La folla per Moana. Mentre a Lecco Eluana si prepara per la giornata, a Milano una folla oceanica interrompe la raccolta di firme per la presentazione delle liste del Partito pensionati. Al banchetto di corso Vittorio Emanuele II, infatti, è stata annunciata la presenza della capolista Moana Pozzi. Centinaia di passanti si accalcano per vedere da vicino la pornostar che, temendo per la sua incolumità, si ripara in un teatro nei paraggi. I promotori decidono di sospendere la raccolta delle sottoscrizioni rinviandola al pomeriggio. Nel frattempo, la città di Brescia si interroga sulla nascita di una giunta comunale «a tempo», che porti quantomeno alla discussione del bilancio 1993 prevista in autunno. Nella maggioranza dovrebbero entrare Dc, Psi, Pri, Pds, la Rete e i Verdi. All'opposizione, invece, rimarrebbero la Lega, Rifondazione comunista, Msi, casalinghe e pensionati. Il Pli e l'indipendente Maria Fida Moro, eletta nelle liste di Rc, sono titubanti. Anche Torino vive ore d'ansia. A venti giorni dalle dimissioni di Valerio Zanone ci sono quattro partiti che rivendicano la poltrona del primo cittadino. Dc, Pri e Pli corrrono con un proprio candidato. Il Psi, con il responsabile enti locali Giusi La Ganga, dice di considerare ancora valido «l'accordo firmato nel 1990 per un sindaco laico».

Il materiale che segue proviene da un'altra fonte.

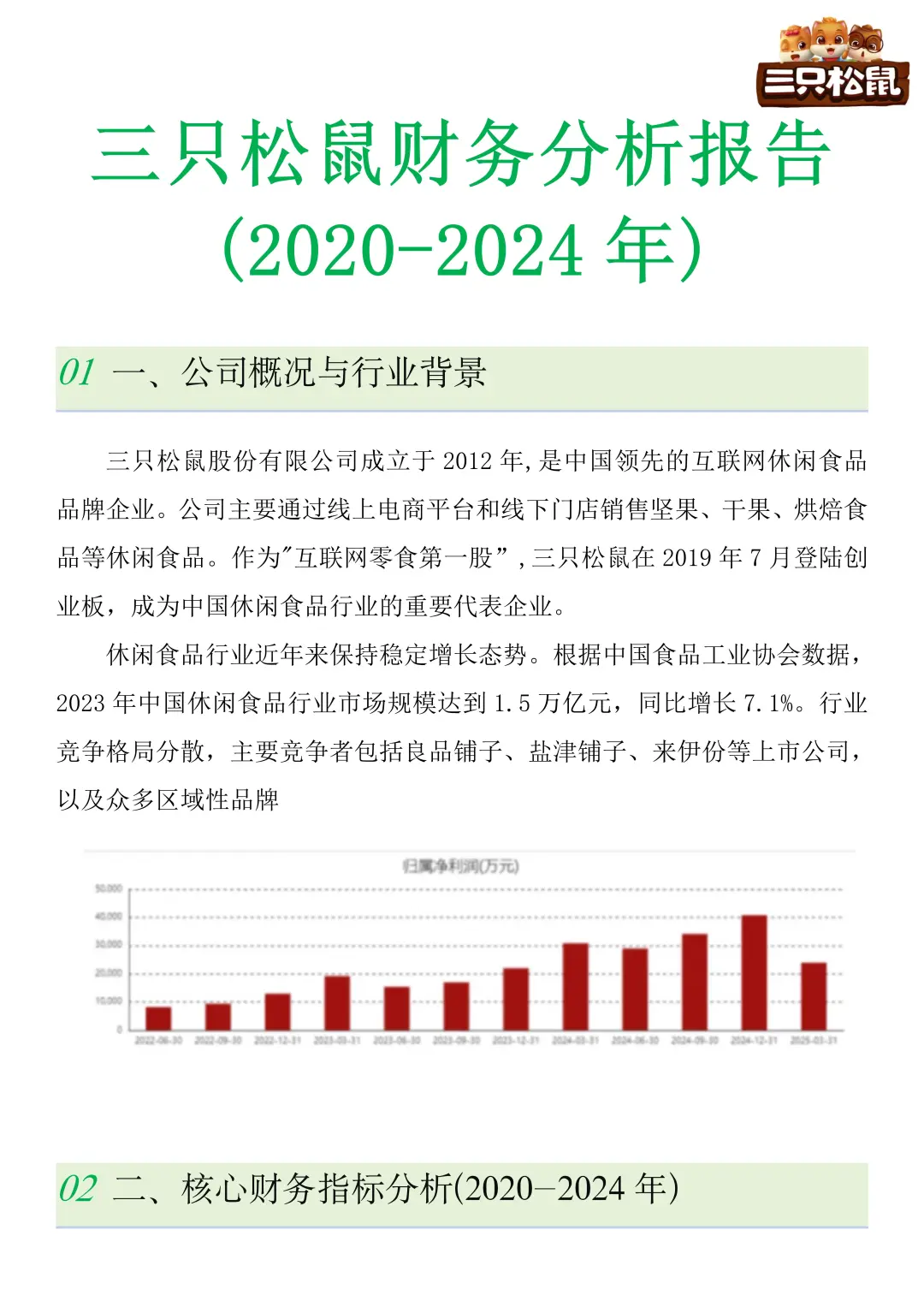 财务报表分析--以三只松鼠为例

Farouk prigioniero. Eluana è a pranzo quando, dalla Sardegna, il capo della Criminalpol Luigi Rossi dichiara che la prigionia del piccolo Farouk Kassam, sequestrato dall'Anonima sarda, sarà «lunga». «A occhio e croce - conferma il capo della Polizia Vincenzo Parisi - non si possono prevedere sviluppi e tempi rapidi». Gli inquirenti smentiscono che il riscatto possa essere pagato all'estero, magari con la mediazione dell'Aga Khan. La primula rossa Matteo Boe finisce in cima all'elenco dei ricercati.

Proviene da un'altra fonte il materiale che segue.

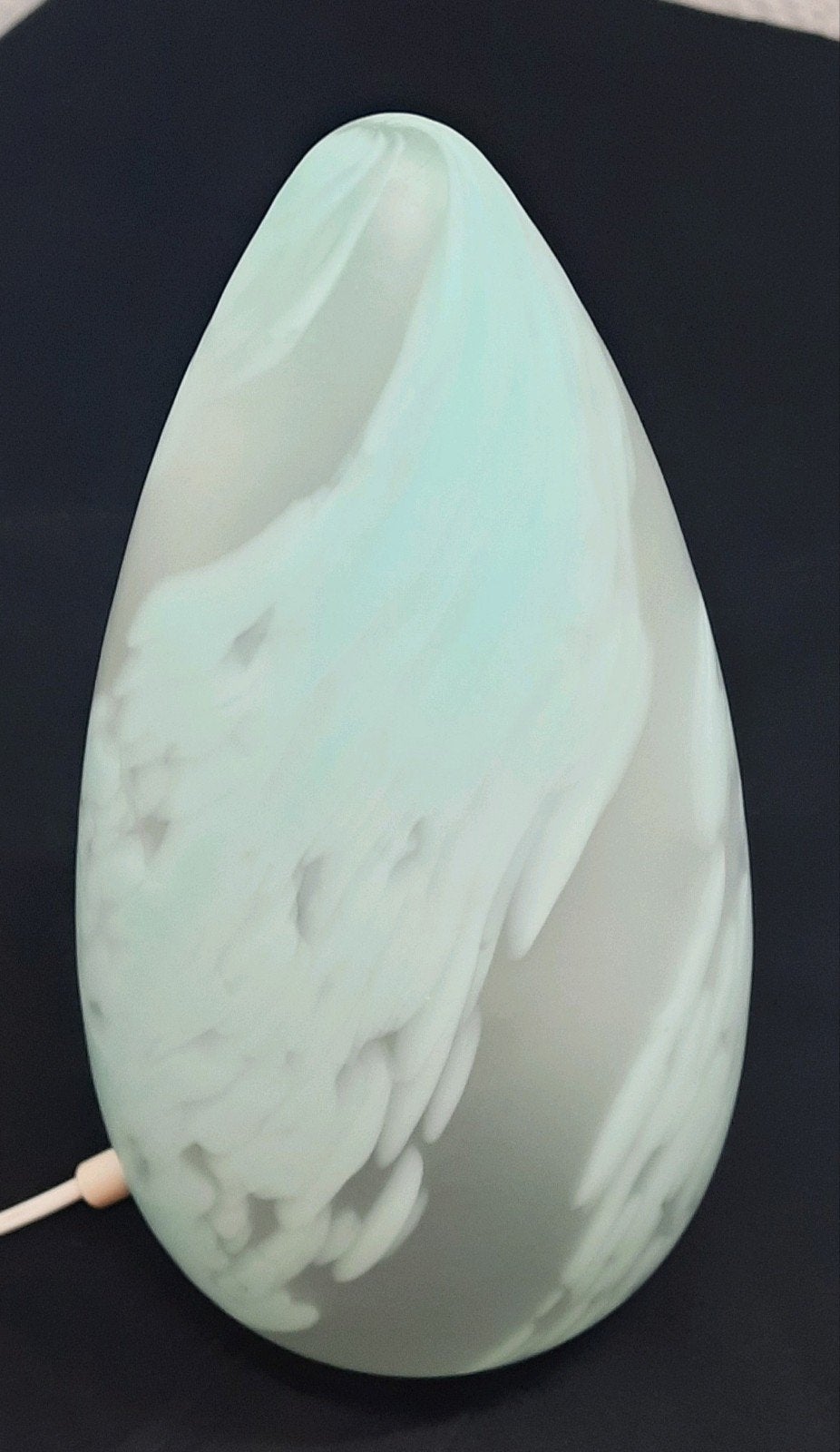 Eivormige lamp turquoise wervelend glas, lees beschrijving, Meerkleurig, Ophalen of Verzenden, Zo goed als nieuw, Glas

Sofri, Salvatores, la Bellucci. A sera, Indro Montanelli e Adriano Sofri, insieme a Mario Cervi e Giuliano Ferrara, intervengono alla registrazione di Babele, il programma di Corrado Augias sulla terza rete. «Io non credo che non ci siano prove. Comunque auguro a Sofri la revisione del processo per l'omicidio Calabresi. In ogni caso, una sentenza sfavorevole condannerebbe un uomo che non c'è più», dice Indro. «È vero, sono molto cambiato. Mi dispiace perché sono più affezionato al Sofri di allora che al Sofri di oggi», risponde Adriano. Intanto a Palm Springs, California, il Festival cinamatografico internazionale premia Mediterraneo di Gabriele Salvatores come «miglior film europeo». L'ex modella Monica Bellucci, chiamata da Francis Coppola per il suo Dracula, viene incoronata regina della kermesse. Martin Scorsese si trova a Roma, per ritirare il riconoscimento «Maestri del cinema», mentre a Torino Günter Grass si aggiudica il premio internazionale del «Grinzane Cavour» regolando in volata Jorge Amado, Elias Canetti, Eugéne Ionesco e Milan Kundera.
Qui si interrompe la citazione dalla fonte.